The "Arbitration Hold" in International Arbitration: Holding On to What We've Got? - ARIA - Vol. 28, No. 2
Originally from American Review of International Arbitration - ARIA
American lawyers are familiar with the duty to preserve documents in anticipation of, and during, litigation. As soon as litigation is reasonably expected, they rush to implement a litigation hold. In international arbitration, however, it is unclear if there is such an obligation.
In this contribution, I inquire into the obligation to preserve documents in international arbitration, and whether arbitration lawyers have a duty to implement “arbitration holds.” Three contemporary phenomena – professionalization of international arbitration, digitalization, and globalization – shape the preservation duty, and merit discussion as an introduction to our topic.
First, international arbitration is professionalizing. Arbitration has evolved from a “closely shared culture of trusted wise men” who “declare arbitral justice as they see it” to a “more formalized and legalized dispute resolution process.” Modern international arbitration has become “pluralistic and technocratic.” Regulating counsel conduct and the formulation of specific rules on the arbitration lawyer’s role in preservation of evidence could be seen as part of that professionalization process.
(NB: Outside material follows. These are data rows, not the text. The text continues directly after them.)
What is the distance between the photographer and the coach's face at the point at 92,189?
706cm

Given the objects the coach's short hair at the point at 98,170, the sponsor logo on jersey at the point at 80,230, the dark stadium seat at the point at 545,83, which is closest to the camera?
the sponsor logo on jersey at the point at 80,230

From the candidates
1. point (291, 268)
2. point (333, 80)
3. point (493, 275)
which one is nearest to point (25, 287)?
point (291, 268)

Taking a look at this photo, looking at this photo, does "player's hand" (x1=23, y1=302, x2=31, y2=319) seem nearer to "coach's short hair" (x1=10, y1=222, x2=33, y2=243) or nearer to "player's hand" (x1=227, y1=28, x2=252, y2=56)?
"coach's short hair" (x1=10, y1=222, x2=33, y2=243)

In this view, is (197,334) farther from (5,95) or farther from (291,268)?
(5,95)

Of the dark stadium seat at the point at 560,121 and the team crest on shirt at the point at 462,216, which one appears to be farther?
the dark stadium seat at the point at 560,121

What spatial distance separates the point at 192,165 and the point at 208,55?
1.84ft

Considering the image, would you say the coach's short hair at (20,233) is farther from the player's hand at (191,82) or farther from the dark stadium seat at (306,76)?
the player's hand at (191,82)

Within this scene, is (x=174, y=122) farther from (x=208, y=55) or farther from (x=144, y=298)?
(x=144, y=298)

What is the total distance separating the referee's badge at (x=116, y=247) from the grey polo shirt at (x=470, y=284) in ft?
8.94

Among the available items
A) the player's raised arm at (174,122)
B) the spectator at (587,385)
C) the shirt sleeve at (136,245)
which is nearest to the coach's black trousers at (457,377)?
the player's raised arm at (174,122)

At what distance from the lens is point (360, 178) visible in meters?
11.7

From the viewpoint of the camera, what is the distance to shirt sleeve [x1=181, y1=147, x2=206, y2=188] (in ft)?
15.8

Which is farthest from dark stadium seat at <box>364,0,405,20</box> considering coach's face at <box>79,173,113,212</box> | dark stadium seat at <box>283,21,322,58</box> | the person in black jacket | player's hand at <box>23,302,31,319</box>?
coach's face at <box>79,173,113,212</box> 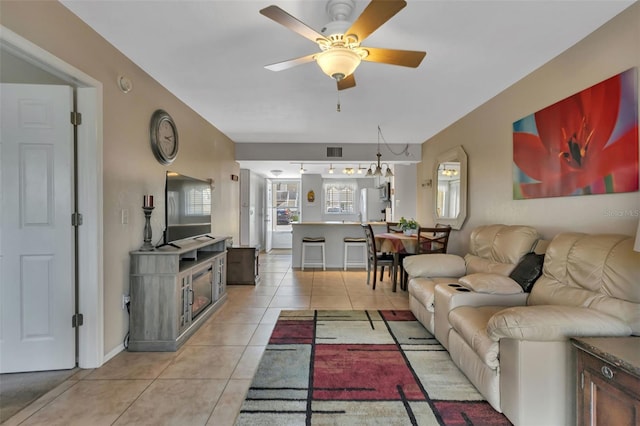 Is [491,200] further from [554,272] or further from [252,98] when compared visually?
Result: [252,98]

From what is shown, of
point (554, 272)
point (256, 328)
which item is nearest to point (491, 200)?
point (554, 272)

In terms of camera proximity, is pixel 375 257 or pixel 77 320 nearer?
pixel 77 320

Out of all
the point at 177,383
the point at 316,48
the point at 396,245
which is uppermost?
the point at 316,48

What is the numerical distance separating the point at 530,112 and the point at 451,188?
1.84 meters

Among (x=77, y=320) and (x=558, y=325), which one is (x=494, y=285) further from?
(x=77, y=320)

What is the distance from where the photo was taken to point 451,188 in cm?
461

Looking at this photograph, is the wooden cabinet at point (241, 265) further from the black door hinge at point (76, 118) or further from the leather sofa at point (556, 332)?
the leather sofa at point (556, 332)

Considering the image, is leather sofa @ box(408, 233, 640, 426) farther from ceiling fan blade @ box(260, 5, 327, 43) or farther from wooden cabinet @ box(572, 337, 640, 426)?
ceiling fan blade @ box(260, 5, 327, 43)

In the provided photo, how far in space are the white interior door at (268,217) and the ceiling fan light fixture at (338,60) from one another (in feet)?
25.3

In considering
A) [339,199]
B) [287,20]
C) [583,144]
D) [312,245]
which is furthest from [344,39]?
[339,199]

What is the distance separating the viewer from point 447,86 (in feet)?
10.6

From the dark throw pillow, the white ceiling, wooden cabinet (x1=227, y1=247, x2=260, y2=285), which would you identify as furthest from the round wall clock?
the dark throw pillow

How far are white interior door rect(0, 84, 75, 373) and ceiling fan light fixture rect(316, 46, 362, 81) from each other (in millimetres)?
1912

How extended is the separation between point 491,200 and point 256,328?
3018mm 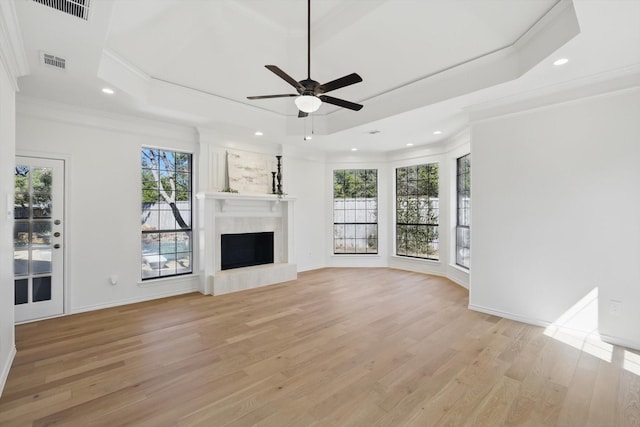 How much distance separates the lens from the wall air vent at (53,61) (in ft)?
9.40

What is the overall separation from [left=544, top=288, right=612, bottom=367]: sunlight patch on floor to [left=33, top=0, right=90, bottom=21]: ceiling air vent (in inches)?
210

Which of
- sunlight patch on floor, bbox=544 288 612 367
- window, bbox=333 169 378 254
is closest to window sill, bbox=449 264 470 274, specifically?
sunlight patch on floor, bbox=544 288 612 367

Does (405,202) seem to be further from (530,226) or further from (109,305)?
(109,305)

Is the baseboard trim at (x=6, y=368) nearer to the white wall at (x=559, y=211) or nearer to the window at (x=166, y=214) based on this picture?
the window at (x=166, y=214)

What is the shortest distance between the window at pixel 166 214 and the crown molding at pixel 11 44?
2.08 meters

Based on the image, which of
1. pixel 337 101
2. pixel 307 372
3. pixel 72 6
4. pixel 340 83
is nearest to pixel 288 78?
pixel 340 83

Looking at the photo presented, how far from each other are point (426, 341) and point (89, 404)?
9.85ft

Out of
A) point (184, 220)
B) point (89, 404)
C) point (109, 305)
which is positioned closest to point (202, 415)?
point (89, 404)

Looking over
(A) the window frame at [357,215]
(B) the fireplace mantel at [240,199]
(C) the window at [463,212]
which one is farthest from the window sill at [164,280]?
(C) the window at [463,212]

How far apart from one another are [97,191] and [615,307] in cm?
656

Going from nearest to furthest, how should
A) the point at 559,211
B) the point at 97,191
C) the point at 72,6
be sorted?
the point at 72,6, the point at 559,211, the point at 97,191

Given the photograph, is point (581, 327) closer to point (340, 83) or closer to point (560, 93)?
point (560, 93)

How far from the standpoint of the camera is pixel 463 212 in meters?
5.97

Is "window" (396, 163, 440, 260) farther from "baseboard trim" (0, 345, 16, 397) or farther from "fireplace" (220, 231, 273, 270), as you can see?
"baseboard trim" (0, 345, 16, 397) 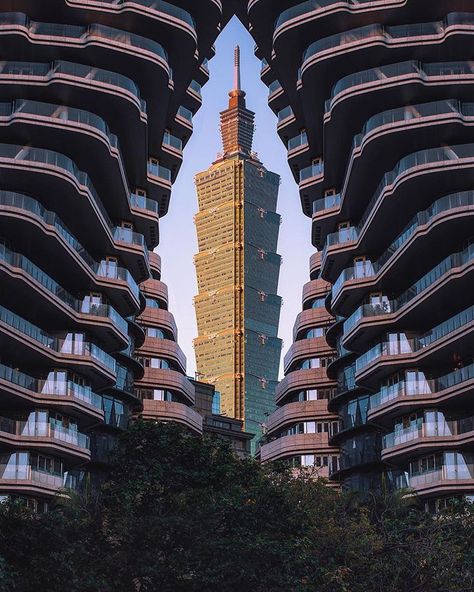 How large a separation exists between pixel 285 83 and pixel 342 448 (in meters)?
29.7

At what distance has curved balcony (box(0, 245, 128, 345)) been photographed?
5662 centimetres

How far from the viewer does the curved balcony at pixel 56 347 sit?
57312 millimetres

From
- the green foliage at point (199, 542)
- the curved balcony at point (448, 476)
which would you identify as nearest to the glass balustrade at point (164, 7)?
the curved balcony at point (448, 476)

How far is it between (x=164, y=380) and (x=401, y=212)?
101ft

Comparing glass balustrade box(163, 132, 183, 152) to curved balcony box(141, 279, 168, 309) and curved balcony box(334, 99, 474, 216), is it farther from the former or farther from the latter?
curved balcony box(334, 99, 474, 216)

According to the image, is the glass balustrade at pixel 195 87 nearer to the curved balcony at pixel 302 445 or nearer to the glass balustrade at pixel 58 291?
the glass balustrade at pixel 58 291

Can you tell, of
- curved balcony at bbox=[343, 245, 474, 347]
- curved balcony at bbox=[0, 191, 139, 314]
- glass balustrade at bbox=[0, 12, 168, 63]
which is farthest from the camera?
glass balustrade at bbox=[0, 12, 168, 63]

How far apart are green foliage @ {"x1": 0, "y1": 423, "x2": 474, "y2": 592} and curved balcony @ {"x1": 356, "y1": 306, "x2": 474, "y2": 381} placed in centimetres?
1568

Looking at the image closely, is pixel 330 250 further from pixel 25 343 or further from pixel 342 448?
pixel 25 343

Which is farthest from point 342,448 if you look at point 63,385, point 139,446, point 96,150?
point 139,446

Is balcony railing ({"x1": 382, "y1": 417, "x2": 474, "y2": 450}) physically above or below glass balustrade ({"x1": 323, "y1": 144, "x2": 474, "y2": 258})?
below

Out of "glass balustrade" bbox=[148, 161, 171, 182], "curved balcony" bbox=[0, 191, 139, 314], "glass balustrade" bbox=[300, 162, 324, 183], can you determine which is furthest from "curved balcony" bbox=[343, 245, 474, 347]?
"glass balustrade" bbox=[148, 161, 171, 182]

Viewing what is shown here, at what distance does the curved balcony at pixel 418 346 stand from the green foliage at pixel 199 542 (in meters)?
15.7

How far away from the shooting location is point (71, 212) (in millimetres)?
64250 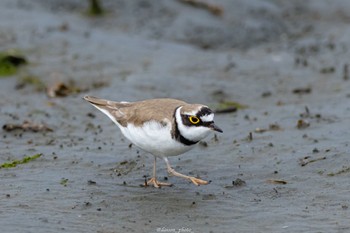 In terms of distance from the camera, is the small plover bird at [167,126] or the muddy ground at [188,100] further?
the small plover bird at [167,126]

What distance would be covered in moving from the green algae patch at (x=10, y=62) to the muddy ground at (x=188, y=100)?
0.77 ft

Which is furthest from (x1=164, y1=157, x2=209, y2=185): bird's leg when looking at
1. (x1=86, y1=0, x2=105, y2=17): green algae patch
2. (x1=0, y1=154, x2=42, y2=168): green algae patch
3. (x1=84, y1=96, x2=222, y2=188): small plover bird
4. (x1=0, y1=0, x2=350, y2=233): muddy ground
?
(x1=86, y1=0, x2=105, y2=17): green algae patch

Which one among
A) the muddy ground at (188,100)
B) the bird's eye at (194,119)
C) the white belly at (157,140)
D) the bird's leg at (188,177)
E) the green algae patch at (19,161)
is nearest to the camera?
the muddy ground at (188,100)

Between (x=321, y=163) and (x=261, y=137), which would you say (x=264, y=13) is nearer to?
(x=261, y=137)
The second development is digitalization. Electronic documents are becoming an increasingly important source of evidence. Nowadays, almost all business information exists electronically. Often, information does not even exist in paper format. Electronic information is stored in ever larger quantities and is generally easier to retain than paper documents. Concurrently, e-information is more susceptible to modification or destruction, and yet paradoxically more difficult to permanently extinguish. When it comes to the taking of evidence, the difference in disclosure between e-discovery and physical documents is fading, and e-disclosure has become customary. Nonetheless, the preservation of e-evidence raises idiosyncratic questions.
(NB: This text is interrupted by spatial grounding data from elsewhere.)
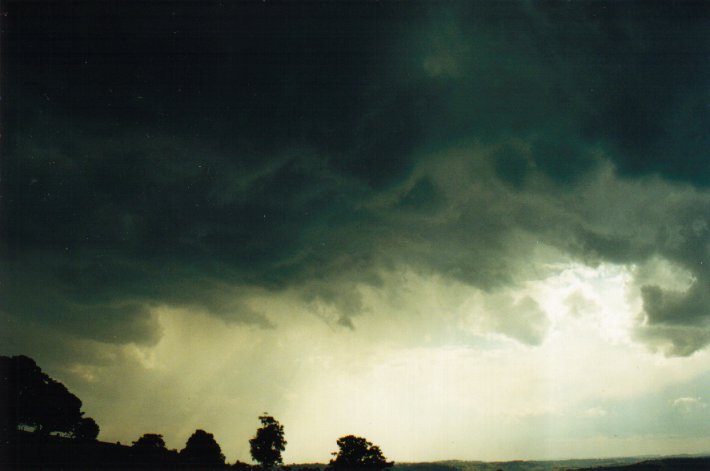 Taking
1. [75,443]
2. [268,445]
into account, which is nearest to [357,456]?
[268,445]

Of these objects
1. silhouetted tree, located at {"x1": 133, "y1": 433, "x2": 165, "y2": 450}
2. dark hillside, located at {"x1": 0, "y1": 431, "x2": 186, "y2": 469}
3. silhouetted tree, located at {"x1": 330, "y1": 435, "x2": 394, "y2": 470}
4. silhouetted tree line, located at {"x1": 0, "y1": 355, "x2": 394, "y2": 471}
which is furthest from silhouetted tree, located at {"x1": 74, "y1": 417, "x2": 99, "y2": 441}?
silhouetted tree, located at {"x1": 330, "y1": 435, "x2": 394, "y2": 470}

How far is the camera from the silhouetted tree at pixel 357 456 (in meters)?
114

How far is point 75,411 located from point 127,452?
31.9 metres

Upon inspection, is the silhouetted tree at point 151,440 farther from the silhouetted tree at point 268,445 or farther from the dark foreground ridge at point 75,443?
the silhouetted tree at point 268,445

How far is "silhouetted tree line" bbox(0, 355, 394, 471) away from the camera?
5684 cm

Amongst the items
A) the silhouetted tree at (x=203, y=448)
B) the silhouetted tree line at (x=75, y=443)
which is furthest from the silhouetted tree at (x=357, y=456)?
the silhouetted tree at (x=203, y=448)

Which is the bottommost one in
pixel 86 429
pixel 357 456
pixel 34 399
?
pixel 357 456

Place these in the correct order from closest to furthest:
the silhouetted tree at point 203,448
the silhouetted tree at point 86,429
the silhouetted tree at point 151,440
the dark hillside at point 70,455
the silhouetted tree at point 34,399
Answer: the dark hillside at point 70,455 → the silhouetted tree at point 34,399 → the silhouetted tree at point 86,429 → the silhouetted tree at point 203,448 → the silhouetted tree at point 151,440

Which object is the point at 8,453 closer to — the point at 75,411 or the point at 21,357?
the point at 21,357

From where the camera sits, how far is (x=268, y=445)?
113 m

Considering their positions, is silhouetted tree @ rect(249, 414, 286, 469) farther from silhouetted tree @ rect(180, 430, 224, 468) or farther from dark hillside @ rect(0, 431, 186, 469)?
dark hillside @ rect(0, 431, 186, 469)

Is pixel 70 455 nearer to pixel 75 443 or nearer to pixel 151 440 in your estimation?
pixel 75 443

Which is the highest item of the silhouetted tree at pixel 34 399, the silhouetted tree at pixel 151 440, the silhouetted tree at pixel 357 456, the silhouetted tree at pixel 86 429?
the silhouetted tree at pixel 34 399

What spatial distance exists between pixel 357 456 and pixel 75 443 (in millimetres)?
71221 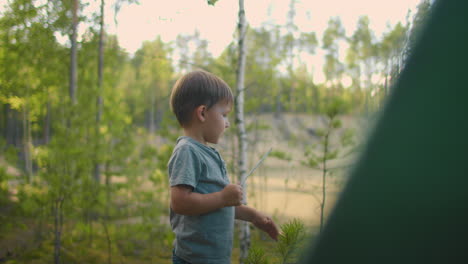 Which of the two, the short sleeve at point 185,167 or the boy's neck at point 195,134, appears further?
the boy's neck at point 195,134

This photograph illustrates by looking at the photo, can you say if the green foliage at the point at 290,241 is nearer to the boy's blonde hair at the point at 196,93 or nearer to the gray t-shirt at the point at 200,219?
the gray t-shirt at the point at 200,219

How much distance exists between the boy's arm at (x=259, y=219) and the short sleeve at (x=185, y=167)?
15.3 inches

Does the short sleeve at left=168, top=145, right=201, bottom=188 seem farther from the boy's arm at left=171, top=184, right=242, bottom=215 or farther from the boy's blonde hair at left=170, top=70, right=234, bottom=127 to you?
the boy's blonde hair at left=170, top=70, right=234, bottom=127

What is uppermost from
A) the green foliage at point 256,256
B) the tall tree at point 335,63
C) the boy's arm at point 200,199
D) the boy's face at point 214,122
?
the tall tree at point 335,63

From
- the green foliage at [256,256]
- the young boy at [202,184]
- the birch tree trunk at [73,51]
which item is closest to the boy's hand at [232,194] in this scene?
the young boy at [202,184]

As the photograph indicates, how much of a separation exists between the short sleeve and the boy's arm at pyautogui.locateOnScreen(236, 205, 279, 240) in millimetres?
389

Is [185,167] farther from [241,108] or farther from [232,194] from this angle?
→ [241,108]

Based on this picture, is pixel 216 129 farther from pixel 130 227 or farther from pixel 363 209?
pixel 130 227

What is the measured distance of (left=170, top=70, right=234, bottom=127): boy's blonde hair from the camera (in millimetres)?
1645

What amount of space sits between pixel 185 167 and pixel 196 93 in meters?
0.39

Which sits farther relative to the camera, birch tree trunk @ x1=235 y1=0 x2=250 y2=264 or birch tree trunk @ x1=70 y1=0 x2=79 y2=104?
birch tree trunk @ x1=235 y1=0 x2=250 y2=264

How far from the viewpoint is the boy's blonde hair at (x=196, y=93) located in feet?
5.40

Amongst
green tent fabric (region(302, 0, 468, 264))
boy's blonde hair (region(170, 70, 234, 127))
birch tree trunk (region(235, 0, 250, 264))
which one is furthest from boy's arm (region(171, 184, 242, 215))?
birch tree trunk (region(235, 0, 250, 264))

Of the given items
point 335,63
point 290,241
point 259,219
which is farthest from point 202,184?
point 335,63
Third, globalization fosters increasing interaction between different legal systems, revealing their often fundamental differences. As a system of transnational adjudication, international arbitration corresponds uneasily with national legal cultures and their domestic predilections in the taking of evidence. To point to one pertinent difference, lawyers from civil law jurisdictions are unfamiliar with extensive document disclosure, while discovery is sacrosanct for lawyers from common law systems. As international arbitration gains increasing prominence in our globalizing world, differences in approaches to duties of document preservation are increasingly laid bare and may induce conflicts. For instance, counsel from diverse jurisdictions are subject to dissimilar ethical rules, which creates different expectations about their professional duties to preserve e-documents when they represent clients in international arbitrations.
In addressing this paper’s research topic, (I) the duty to preserve documents, both in (I.A.) U.S. civil litigation and in (I.B.) international arbitration are discussed first. Subsequently, regard is had to (II) ethical duties, again starting from a (II.A) U.S. domestic litigation perspective, before (II.B) applicable rules in international arbitration are reviewed. The paper ends with a general conclusion.